* **Prompt**
A verbatim copy of the lines from the one with "Enlarge Freya, a" through the final line below is required; print it and nothing else.

————

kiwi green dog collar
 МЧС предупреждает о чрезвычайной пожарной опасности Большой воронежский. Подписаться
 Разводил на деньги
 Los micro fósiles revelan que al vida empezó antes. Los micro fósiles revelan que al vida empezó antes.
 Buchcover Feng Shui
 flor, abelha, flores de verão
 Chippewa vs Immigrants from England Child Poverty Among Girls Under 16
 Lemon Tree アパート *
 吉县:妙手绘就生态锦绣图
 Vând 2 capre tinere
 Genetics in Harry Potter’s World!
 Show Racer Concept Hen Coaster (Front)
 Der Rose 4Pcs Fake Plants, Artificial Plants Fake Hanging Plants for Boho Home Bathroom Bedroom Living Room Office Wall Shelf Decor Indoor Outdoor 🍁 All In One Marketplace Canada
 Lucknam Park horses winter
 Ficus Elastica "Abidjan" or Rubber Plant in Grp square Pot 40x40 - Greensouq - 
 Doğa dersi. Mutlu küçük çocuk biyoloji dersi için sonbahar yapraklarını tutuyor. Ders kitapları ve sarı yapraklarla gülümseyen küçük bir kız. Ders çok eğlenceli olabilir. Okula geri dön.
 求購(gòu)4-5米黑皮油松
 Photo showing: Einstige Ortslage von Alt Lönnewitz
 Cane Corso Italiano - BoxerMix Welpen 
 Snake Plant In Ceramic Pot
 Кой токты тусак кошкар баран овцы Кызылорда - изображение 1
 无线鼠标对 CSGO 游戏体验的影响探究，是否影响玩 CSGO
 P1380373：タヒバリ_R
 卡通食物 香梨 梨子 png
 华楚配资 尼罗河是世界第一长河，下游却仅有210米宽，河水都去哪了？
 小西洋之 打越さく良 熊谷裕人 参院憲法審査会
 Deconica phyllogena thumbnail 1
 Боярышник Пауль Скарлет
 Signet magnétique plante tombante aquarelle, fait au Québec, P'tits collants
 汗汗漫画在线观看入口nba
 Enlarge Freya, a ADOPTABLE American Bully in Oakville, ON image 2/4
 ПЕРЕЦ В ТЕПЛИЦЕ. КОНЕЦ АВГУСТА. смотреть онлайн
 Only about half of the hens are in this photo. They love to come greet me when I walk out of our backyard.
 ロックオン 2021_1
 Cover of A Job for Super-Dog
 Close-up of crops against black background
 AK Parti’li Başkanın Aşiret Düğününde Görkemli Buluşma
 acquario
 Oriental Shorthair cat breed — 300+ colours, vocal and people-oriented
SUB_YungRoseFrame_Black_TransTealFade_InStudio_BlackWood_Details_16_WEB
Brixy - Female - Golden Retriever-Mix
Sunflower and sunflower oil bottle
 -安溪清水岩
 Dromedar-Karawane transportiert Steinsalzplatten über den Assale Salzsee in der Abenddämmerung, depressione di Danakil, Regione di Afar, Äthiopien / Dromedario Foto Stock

————

* **Task answer**
 Enlarge Freya, a ADOPTABLE American Bully in Oakville, ON image 2/4
 ПЕРЕЦ В ТЕПЛИЦЕ. КОНЕЦ АВГУСТА. смотреть онлайн
 Only about half of the hens are in this photo. They love to come greet me when I walk out of our backyard.
 ロックオン 2021_1
 Cover of A Job for Super-Dog
 Close-up of crops against black background
 AK Parti’li Başkanın Aşiret Düğününde Görkemli Buluşma
 acquario
 Oriental Shorthair cat breed — 300+ colours, vocal and people-oriented
SUB_YungRoseFrame_Black_TransTealFade_InStudio_BlackWood_Details_16_WEB
Brixy - Female - Golden Retriever-Mix
Sunflower and sunflower oil bottle
 -安溪清水岩
 Dromedar-Karawane transportiert Steinsalzplatten über den Assale Salzsee in der Abenddämmerung, depressione di Danakil, Regione di Afar, Äthiopien / Dromedario Foto Stock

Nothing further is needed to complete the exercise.